UX/UI & Front-End Designer
A bioinformatics platform for genome-scale exploration of the C. elegans genome — a decade-old research tool reimagined for clarity, and shipped.
GExplore is a bioinformatics platform for genome-scale exploration of gene and protein function in C. elegans — a nematode worm that has been a cornerstone of genetics research for decades. First launched in 2009 by Dr. Harald Hutter's lab at Simon Fraser University, it had served researchers for over ten years when I joined to lead its redesign. Working closely with Dr. Hutter and developer Mehrdad Moosavi, I rebuilt the experience around clarity — turning dense scientific data into something researchers could actually explore.
Scientific tools are built by scientists, for function — which too often leaves the interface an afterthought. GExplore worked, but a decade of research data had outgrown its design.
Valuable datasets sat outside the big centralized repositories — hard to reach and harder to cross-reference. Researchers needed a single, optimized place to explore them, with the data kept current for comprehensive analysis.
Bioinformatics tools tend to prioritize raw functionality over usability. But an intuitive, multi-functional interface is exactly what makes data extraction efficient — the difference between a tool scientists tolerate and one they reach for.
Selecting and structuring the right data is only half the job. Presenting it clearly — so a researcher can draw a meaningful insight at a glance — matters just as much.

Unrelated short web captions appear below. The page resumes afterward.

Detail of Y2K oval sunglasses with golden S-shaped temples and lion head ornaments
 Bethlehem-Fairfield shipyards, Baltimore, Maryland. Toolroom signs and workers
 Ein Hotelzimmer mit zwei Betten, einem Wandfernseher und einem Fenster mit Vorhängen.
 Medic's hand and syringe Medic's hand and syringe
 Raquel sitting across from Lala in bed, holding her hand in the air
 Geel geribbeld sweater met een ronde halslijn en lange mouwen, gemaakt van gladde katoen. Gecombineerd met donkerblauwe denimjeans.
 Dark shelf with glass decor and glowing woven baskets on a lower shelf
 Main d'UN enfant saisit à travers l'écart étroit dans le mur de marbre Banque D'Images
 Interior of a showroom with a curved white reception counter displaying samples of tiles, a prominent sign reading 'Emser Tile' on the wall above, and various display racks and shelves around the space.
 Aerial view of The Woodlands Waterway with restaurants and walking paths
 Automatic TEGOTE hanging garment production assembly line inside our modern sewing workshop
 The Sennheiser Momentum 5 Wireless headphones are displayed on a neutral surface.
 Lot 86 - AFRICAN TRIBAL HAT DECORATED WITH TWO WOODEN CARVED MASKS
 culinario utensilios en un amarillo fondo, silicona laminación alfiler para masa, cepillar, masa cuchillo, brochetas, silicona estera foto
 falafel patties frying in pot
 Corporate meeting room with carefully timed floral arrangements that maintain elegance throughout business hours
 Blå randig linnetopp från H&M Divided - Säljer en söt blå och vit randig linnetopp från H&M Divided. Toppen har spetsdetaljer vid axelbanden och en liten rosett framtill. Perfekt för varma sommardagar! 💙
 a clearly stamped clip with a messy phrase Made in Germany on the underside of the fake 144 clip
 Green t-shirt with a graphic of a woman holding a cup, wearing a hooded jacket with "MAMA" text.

To design for GExplore, I had to understand what it is really for — and why a one-millimetre worm has quietly shaped modern medicine.
C. elegans is one of biology’s most important model organisms: simple, transparent, and mapped down to every cell. What researchers learn in the worm routinely reshapes our understanding of human genetics and disease.
In 2024 the Nobel Prize in Medicine went to Victor Ambros and Gary Ruvkun for discovering how microRNAs regulate genes — work done in C. elegans. GExplore is a tool built to accelerate exactly this kind of genome-scale discovery.
At its core, GExplore is a fast way to ask complex questions across large groups of genes — and get a usable answer back.
Gene, mutation, and protein databases sit alongside three genome-scale expression datasets, together giving researchers quick access to curated data in one place.
The point is speed of insight: get an overview of the biological and biochemical functions of large gene groups that share a set of features, then take that shortlist into the lab for deeper analysis.

A research tool still deserves a point of view. I gave GExplore an identity that feels modern and credible without losing its scientific core.
The mark is drawn from the silhouette of C. elegans itself, with a subtle DNA double-helix worked into the form — the organism and the data it represents, in one symbol.
I defined the typography and colour rules behind the platform — a clean, blue-led palette and type system — so the design stays consistent as the tool keeps growing.


Most of the work lived in three screens — search, display, and help — each rethought around how researchers actually move through data.
Every field carries an inline help icon and autosuggest, so researchers find the right terms without leaving the page. Search and clear sit in a sticky bar, and search only activates once a valid input is entered — a quiet signal that you are ready to go.
The results view centres on a collapsible sidebar — search summary, display options, export, and help — that folds away to hand the screen back to the data. Columns reorder, plots open full-screen, and large multi-gene tables stay smooth to navigate.
I consolidated the guidance into a single help page that mirrors the real workflow, walking new users through search inputs and display options in the order they would meet them.
Remote, interdisciplinary work asks for more communication than an in-person studio, not less. Translating a scientist’s needs into design meant listening carefully and planning deliberately — and it sharpened how I work.
Bioinformatics tools are critical infrastructure for research. The best thing design can do for them is get out of the way — make it simple and efficient for scientists to reach, read, and act on their data.